Richard Stallman, notable of the Free Software Foundation, was in Cambridge in April speaking at the Computer Lab's Wednesday Seminar. Stallman is one of computing's true eccentrics. I bumped into him, only very briefly, a couple of times when visiting MIT as a PhD student, but even those short meetings gave me no doubt that he is a quite an unusual character – the last time I'd seen him, he was ever so pleased that by passing some wire over his neck and tying it to the sides of his laptop, he'd been able to arrange it so he could type standing up, a bit like a cinema ice cream salesman – the only tiny hitch being that the plastic coated wire he'd used kept unknotting itself, and the laptop kept nearly crashing to the floor!

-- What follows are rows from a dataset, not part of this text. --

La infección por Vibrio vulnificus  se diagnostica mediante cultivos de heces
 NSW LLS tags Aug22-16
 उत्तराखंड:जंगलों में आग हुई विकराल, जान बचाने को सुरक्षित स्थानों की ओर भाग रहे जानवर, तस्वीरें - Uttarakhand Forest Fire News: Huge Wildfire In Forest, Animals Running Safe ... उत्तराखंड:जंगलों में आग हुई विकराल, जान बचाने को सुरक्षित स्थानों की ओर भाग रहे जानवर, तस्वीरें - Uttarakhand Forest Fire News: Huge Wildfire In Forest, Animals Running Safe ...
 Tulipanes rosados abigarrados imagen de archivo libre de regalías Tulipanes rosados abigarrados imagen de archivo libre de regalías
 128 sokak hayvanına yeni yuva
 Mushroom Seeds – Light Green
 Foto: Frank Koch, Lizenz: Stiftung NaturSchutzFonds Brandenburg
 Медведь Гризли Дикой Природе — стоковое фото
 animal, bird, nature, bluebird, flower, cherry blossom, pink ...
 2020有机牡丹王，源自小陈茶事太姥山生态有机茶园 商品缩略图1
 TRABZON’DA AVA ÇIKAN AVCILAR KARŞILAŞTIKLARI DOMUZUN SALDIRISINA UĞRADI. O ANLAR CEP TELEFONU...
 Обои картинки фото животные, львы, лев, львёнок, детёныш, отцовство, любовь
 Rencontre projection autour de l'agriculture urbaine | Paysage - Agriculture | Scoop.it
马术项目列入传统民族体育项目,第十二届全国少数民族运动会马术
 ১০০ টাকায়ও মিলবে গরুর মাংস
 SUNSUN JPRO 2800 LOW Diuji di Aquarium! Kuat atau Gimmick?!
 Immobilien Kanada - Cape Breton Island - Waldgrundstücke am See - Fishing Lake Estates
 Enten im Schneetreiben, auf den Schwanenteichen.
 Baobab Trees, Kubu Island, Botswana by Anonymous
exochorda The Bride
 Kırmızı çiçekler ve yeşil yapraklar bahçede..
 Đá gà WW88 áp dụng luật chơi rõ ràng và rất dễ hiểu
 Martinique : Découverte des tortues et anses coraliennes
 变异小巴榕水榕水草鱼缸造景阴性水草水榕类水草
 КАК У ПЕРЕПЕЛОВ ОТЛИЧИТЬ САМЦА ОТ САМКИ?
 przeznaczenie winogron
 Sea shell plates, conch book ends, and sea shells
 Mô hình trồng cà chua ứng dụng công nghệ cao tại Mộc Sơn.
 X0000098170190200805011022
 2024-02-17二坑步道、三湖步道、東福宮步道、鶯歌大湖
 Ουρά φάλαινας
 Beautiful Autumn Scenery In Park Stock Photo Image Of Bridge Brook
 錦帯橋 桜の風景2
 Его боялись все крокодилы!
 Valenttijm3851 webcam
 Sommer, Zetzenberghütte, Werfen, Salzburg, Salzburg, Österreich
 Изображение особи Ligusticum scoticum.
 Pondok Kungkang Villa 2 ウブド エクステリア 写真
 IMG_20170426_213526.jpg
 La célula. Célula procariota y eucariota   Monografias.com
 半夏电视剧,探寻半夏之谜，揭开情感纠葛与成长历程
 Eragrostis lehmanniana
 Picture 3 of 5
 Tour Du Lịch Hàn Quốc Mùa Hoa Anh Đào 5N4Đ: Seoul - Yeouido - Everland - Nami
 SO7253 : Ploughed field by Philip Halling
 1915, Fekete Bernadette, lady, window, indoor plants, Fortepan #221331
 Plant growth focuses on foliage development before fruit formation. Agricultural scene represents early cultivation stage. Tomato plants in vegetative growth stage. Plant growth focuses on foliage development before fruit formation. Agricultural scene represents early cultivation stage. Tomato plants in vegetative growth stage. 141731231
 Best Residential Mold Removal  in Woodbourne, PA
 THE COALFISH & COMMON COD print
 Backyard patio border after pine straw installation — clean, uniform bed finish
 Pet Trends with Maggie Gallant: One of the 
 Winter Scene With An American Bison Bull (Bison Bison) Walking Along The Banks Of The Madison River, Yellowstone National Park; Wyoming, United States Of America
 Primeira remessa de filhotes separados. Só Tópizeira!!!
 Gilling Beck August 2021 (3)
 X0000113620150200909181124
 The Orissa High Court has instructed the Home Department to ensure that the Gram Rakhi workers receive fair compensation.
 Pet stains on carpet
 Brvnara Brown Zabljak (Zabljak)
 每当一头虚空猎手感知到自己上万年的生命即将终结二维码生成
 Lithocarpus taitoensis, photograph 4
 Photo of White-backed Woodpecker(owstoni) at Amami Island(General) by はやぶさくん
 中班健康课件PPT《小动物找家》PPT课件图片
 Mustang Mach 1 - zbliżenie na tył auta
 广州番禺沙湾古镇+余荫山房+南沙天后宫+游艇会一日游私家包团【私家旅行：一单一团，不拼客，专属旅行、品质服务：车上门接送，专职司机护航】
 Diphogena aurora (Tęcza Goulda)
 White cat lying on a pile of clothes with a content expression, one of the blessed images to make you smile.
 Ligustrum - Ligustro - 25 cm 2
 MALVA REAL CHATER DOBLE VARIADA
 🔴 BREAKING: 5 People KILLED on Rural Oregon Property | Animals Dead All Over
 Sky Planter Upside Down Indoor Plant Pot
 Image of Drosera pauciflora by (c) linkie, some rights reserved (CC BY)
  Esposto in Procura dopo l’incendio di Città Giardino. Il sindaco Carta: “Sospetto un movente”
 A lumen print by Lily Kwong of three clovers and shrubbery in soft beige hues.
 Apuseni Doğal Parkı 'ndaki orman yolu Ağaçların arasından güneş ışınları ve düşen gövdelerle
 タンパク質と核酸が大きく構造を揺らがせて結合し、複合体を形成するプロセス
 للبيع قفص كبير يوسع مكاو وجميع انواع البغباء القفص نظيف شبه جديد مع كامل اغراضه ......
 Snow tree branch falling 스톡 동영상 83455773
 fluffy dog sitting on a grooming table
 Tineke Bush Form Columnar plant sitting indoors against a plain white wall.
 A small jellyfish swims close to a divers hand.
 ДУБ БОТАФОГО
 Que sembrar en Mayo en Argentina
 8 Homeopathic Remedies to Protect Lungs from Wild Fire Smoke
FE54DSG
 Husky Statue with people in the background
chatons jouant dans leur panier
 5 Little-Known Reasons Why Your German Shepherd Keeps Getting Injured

But I have to say he's a very witty speaker, and someone it's well worth hearing speak if you get the chance – even if you disagree with everything he says, you will probably enjoy the talk. In this talk, he had grand plans to change the world of copyright by categorising every book in the world as being a personal account, a work of art, or having practical value as a work of instruction (eg, a recipe book), and then giving everything but the artistic books away free. There was a slight lack of realism to his vision – Gordon Ramsay agreeing his recipes are artless? Harold Pinter agreeing his "purely artistic" work has no instructive value? And anyone agreeing to this regime in the first place? But Stallman's humour worked in a way that seemed somehow reminiscent of Jimmy Carr, and the audience was entertained both by the content and his manner.
There were a few odd moments of course. He was particularly irked by the projectionist wanting to dim the house lights for the talk ("do you want me to go to sleep?", he objected). And at the end of the talk he insisted people should queue for the microphone rather than waiting for it to be passed to them, because it's so much more efficient. Normally this might work, but with the very long benches and tight seats of the Computer Lab lecture theatre it meant audience members were having to climb over each other or ask half a dozen other people to stand up so they could squeeze past each other to reach the aisle. Half the room was shuffling itself around and uttering "excuse me" like a regular chant, and Stallman was blissfully oblivious to it and happy with his efficient solution. But, as I say, these turn out to be very humorous moments to watch rather than awkward.